BEGIN
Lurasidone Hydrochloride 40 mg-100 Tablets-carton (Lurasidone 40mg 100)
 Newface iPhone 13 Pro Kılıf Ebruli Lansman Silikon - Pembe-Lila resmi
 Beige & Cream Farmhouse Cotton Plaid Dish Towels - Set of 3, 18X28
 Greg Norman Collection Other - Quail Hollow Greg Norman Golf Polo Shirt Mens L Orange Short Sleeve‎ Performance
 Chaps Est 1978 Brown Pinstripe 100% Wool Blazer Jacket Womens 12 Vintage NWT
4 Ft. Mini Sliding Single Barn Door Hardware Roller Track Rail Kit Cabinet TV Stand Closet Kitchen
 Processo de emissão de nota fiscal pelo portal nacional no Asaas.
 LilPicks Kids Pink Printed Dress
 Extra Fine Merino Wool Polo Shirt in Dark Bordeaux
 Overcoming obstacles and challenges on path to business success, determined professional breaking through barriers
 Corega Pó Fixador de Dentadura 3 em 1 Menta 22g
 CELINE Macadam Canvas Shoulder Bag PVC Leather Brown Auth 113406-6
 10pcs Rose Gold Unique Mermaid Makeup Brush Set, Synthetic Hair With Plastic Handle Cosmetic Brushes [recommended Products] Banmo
END
__Exercise prompt__.
Keep every word the same. Retype all the material.

__Task result__.
Lurasidone Hydrochloride 40 mg-100 Tablets-carton (Lurasidone 40mg 100)
 Newface iPhone 13 Pro Kılıf Ebruli Lansman Silikon - Pembe-Lila resmi
 Beige & Cream Farmhouse Cotton Plaid Dish Towels - Set of 3, 18X28
 Greg Norman Collection Other - Quail Hollow Greg Norman Golf Polo Shirt Mens L Orange Short Sleeve‎ Performance
 Chaps Est 1978 Brown Pinstripe 100% Wool Blazer Jacket Womens 12 Vintage NWT
4 Ft. Mini Sliding Single Barn Door Hardware Roller Track Rail Kit Cabinet TV Stand Closet Kitchen
 Processo de emissão de nota fiscal pelo portal nacional no Asaas.
 LilPicks Kids Pink Printed Dress
 Extra Fine Merino Wool Polo Shirt in Dark Bordeaux
 Overcoming obstacles and challenges on path to business success, determined professional breaking through barriers
 Corega Pó Fixador de Dentadura 3 em 1 Menta 22g
 CELINE Macadam Canvas Shoulder Bag PVC Leather Brown Auth 113406-6
 10pcs Rose Gold Unique Mermaid Makeup Brush Set, Synthetic Hair With Plastic Handle Cosmetic Brushes [recommended Products] Banmo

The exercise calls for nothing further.